┌────────

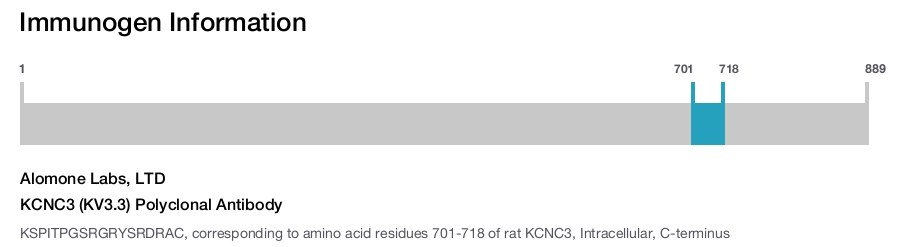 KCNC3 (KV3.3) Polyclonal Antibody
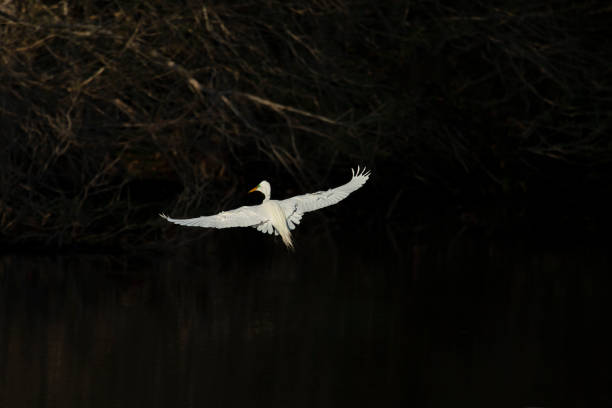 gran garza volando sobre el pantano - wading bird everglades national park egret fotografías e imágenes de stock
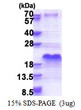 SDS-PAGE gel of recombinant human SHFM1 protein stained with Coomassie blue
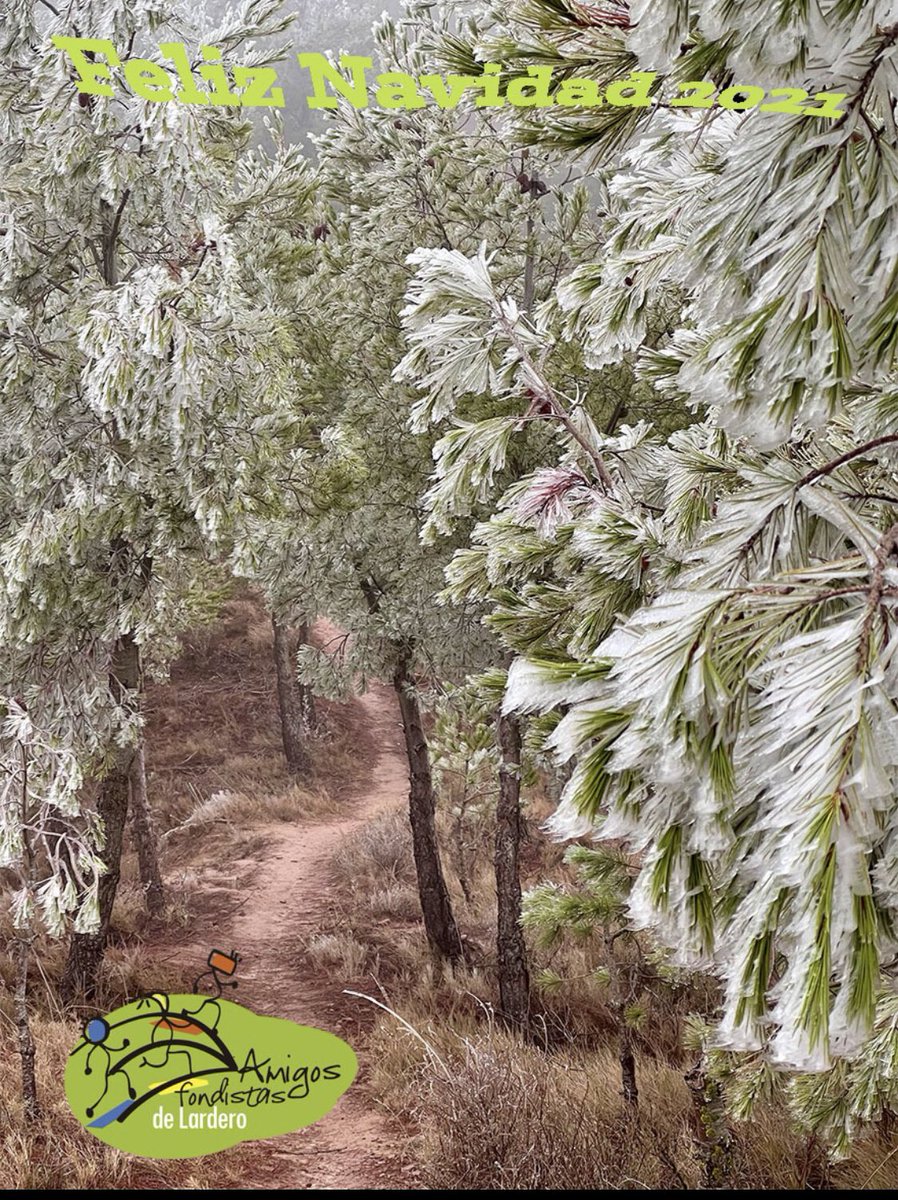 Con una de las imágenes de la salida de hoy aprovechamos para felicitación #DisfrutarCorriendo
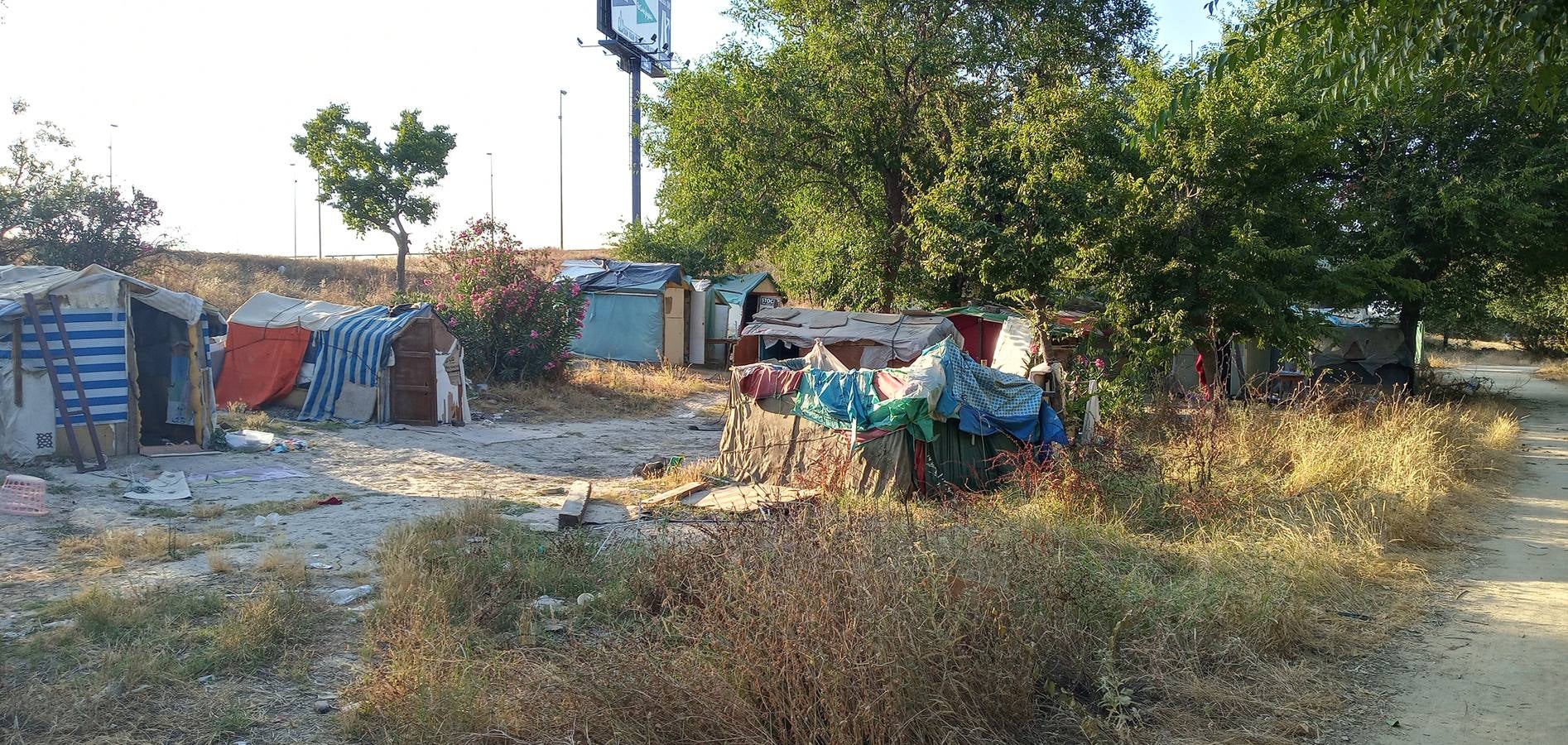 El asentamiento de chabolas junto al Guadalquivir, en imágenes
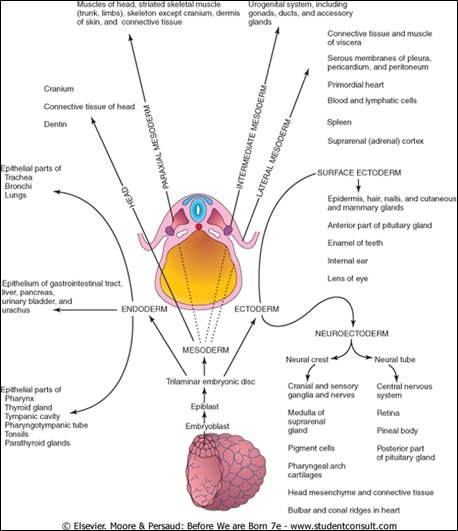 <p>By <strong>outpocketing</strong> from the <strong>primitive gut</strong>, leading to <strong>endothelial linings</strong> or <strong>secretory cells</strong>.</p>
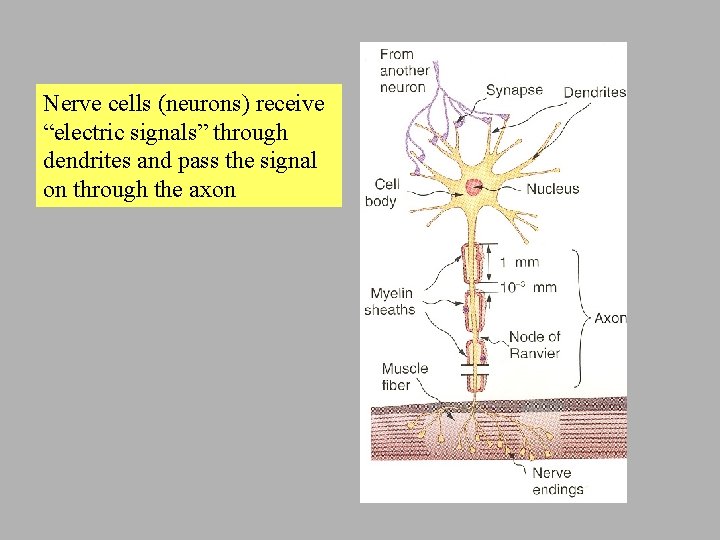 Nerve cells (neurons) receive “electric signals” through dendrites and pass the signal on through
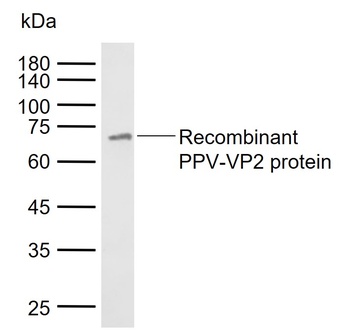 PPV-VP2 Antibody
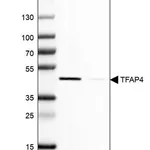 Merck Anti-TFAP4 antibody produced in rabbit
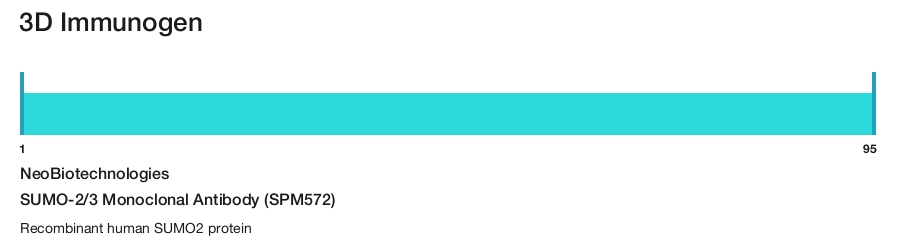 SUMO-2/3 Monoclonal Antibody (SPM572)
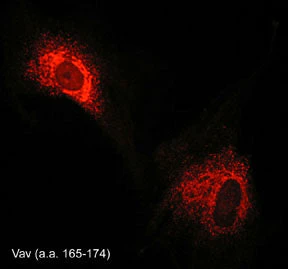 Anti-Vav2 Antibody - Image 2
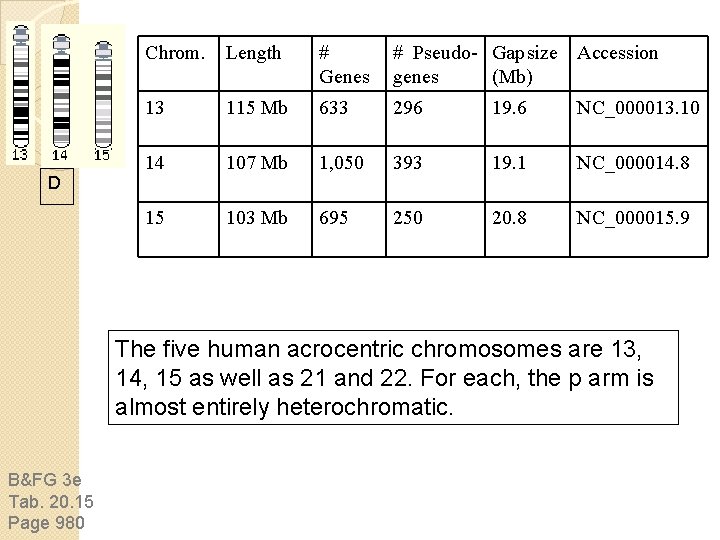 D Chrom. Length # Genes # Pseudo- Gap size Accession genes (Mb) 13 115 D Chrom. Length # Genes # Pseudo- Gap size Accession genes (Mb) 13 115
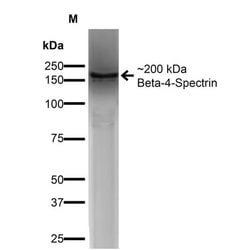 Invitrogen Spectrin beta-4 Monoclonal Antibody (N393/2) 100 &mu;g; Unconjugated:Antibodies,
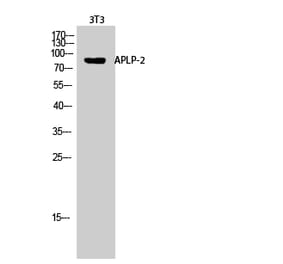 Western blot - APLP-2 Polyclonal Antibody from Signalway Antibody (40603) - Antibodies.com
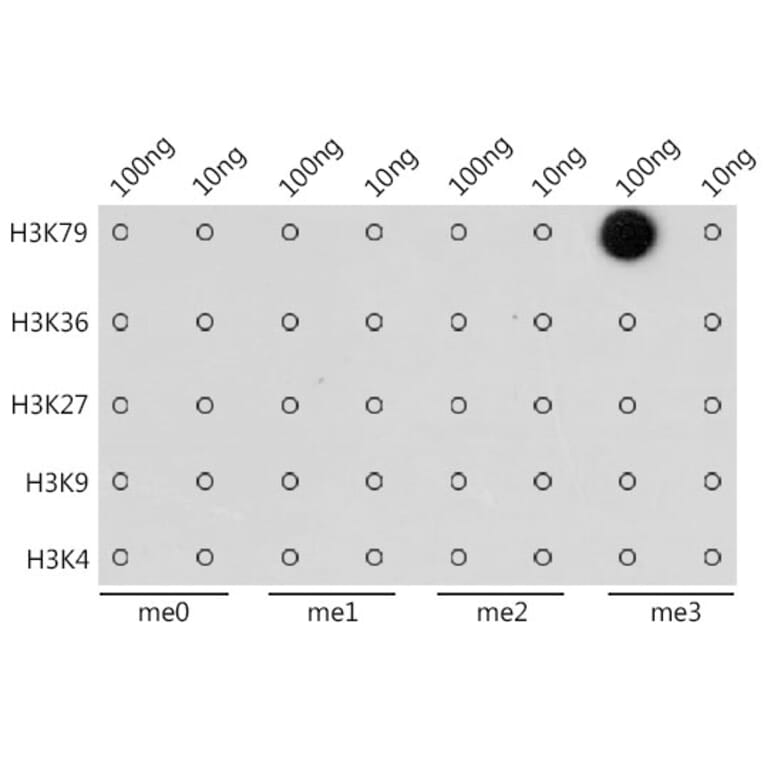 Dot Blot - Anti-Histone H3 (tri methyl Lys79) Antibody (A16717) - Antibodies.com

└────────

What is needed is an exact copy of the lines from the one with "SDS-PAGE gel of" through the end of the data above, both included, minus any pictures.

 SDS-PAGE gel of recombinant human SHFM1 protein stained with Coomassie blue
 Con una de las imágenes de la salida de hoy aprovechamos para felicitación #DisfrutarCorriendo
 El asentamiento de chabolas junto al Guadalquivir, en imágenes
 <p>By <strong>outpocketing</strong> from the <strong>primitive gut</strong>, leading to <strong>endothelial linings</strong> or <strong>secretory cells</strong>.</p>
 Nerve cells (neurons) receive “electric signals” through dendrites and pass the signal on through
 PPV-VP2 Antibody
 Merck Anti-TFAP4 antibody produced in rabbit
 SUMO-2/3 Monoclonal Antibody (SPM572)
 Anti-Vav2 Antibody - Image 2
 D Chrom. Length # Genes # Pseudo- Gap size Accession genes (Mb) 13 115 D Chrom. Length # Genes # Pseudo- Gap size Accession genes (Mb) 13 115
 Invitrogen Spectrin beta-4 Monoclonal Antibody (N393/2) 100 &mu;g; Unconjugated:Antibodies,
 Western blot - APLP-2 Polyclonal Antibody from Signalway Antibody (40603) - Antibodies.com
 Dot Blot - Anti-Histone H3 (tri methyl Lys79) Antibody (A16717) - Antibodies.com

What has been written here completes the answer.